The Microsoft Excel Web app (below) is hands down the best Web-based spreadsheet available for the iPad. It is much better than the Google Drive (formerly Docs) spreadsheet for one simple reason: You can move from cell to cell and row to row just as you do in the desktop version. It does not have Google Drive's terrible single-row editing.

This Web-based Office solution is not, however, perfect. Large Word documents or Excel spreadsheets are almost unmanageable when used on the iPad in the Safari mobile browser. To be fair, this is also the case when using Internet Explorer on a desktop or notebook computer. A Web browser is simply not yet the optimum vehicle for heavy work. The spreadsheet in the screenshot below contains several thousand rows consisting of numbers and text. Attempting to move around the spreadsheet was an exercise in futility.

PowerPoint in Office Web Apps was the most problematic of the big three Office components. (I did not test OneNote because Microsoft has had a native iPad app for some time.) Editing title boxes was difficult and the entire Safari browser crashed at one point. I also encountered a vague error message (see below).
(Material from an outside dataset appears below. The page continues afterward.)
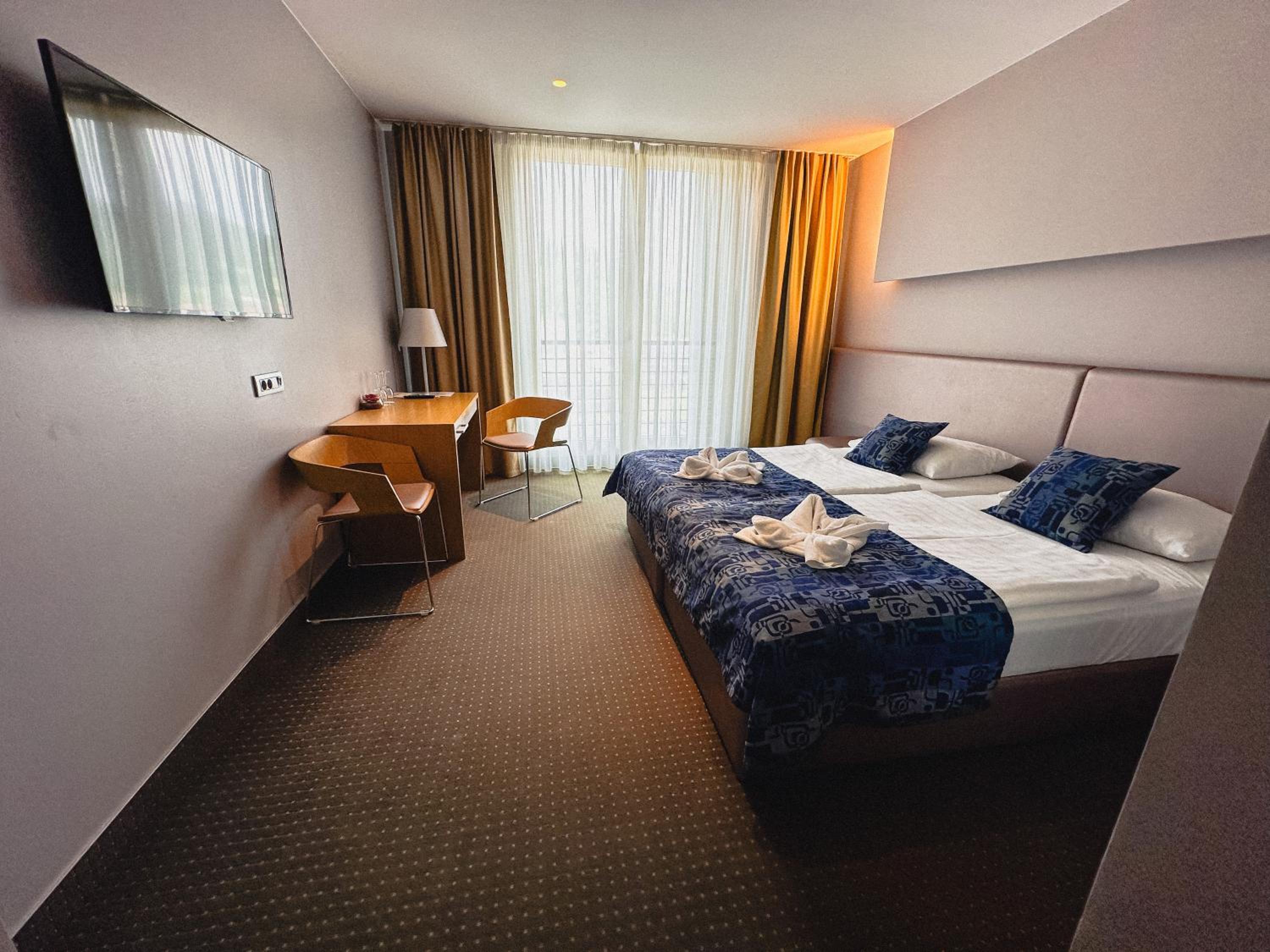 Economy Double Room photo 2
Eventually, however, I was able to edit, save, and reopen for viewing a slidedeck (below) created with the PowerPoint Web app.

It's important to remember that these Office apps are accessed over the Internet so naturally they require a network connection. Don't expect to use them in a meeting where you don't have access to Wi-Fi or a 3G/4G cellular network. Despite this limitation and the problem with big documents, Microsoft Office Web Apps for the iPad is a game changer. It finally brings Microsoft Office to the iPad, including the first useable Web-based spreadsheet. When your documents are big, you can copy them from SkyDrive to a PC or Mac and use the full desktop Microsoft Office applications for more demanding formatting or calculation work.

Name: Microsoft Office Web Apps

Price: Free

Microsoft Office Web Apps adds touch capabilities to Web-based versions of Word, Excel, PowerPoint, and OneNote for iPad and Windows 8 mobile Web browsers. The Excel app is especially impressive--it's the first Web-based spreadsheet that gives you cell-to-cell navigation comparable to the desktop application's.

Pro:

  • Free.
  • Highly functional Web versions of Microsoft Word, Excel, PowerPoint, and OneNote.
  • Near-seamless compatibility with Microsoft Office 2010 and 2013 counterparts.
  • 7GB of free SkyDrive cloud storage (25GB if your account is grandfathered to the previous release's storage limit).

Con:

  • Must have access to the Internet via Wi-Fi or 3G/4G.
  • Large documents almost impossible to handle.
  • Does not support Android tablets.

Todd Ogasawara is a Contributing Editor for BYTE.